***** DATA BLOCK

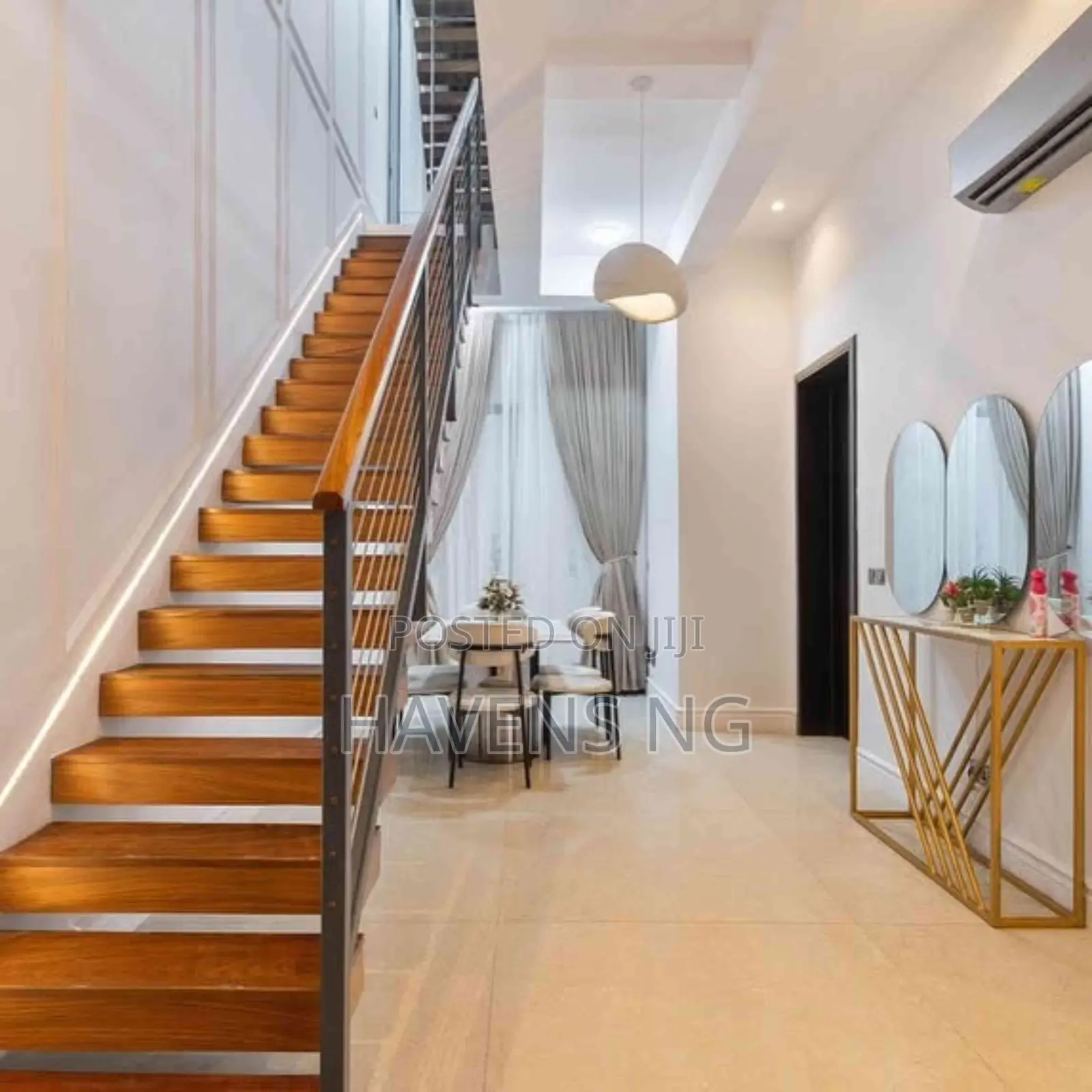 Beautifully Furnished 4-Bedroom Semi-Detached Duplex in Lekki Phase 1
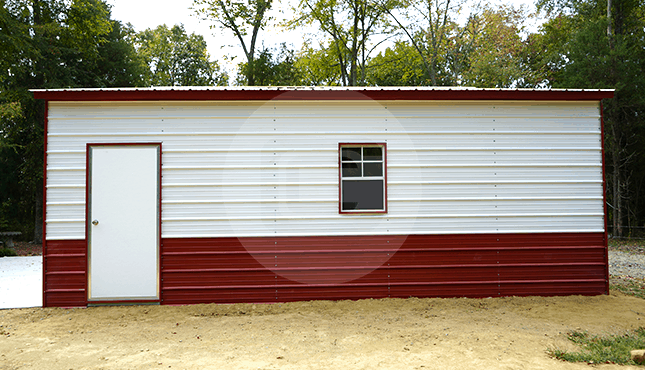 36x26 Continuous Roof Barn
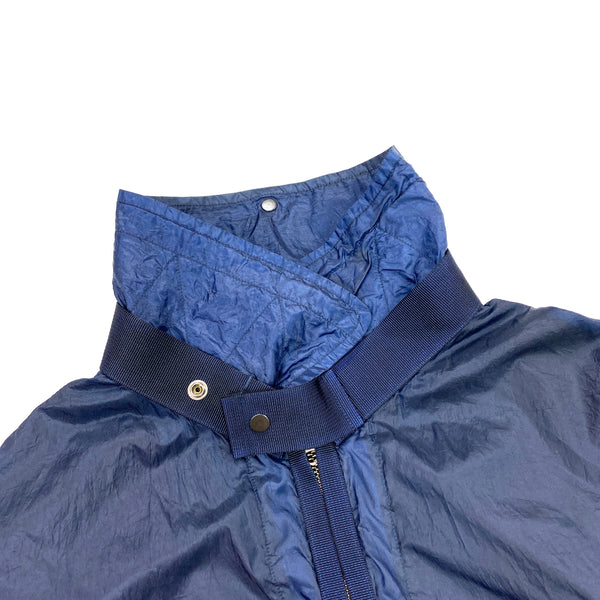 Stone Island 2006 Mesh Badge Lightweight Nylon Jacket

**********

Each line of the listing above should be retyped exactly, with no pictures.

# [RESULT FOR THIS TASK]
 Beautifully Furnished 4-Bedroom Semi-Detached Duplex in Lekki Phase 1
 36x26 Continuous Roof Barn
 Stone Island 2006 Mesh Badge Lightweight Nylon Jacket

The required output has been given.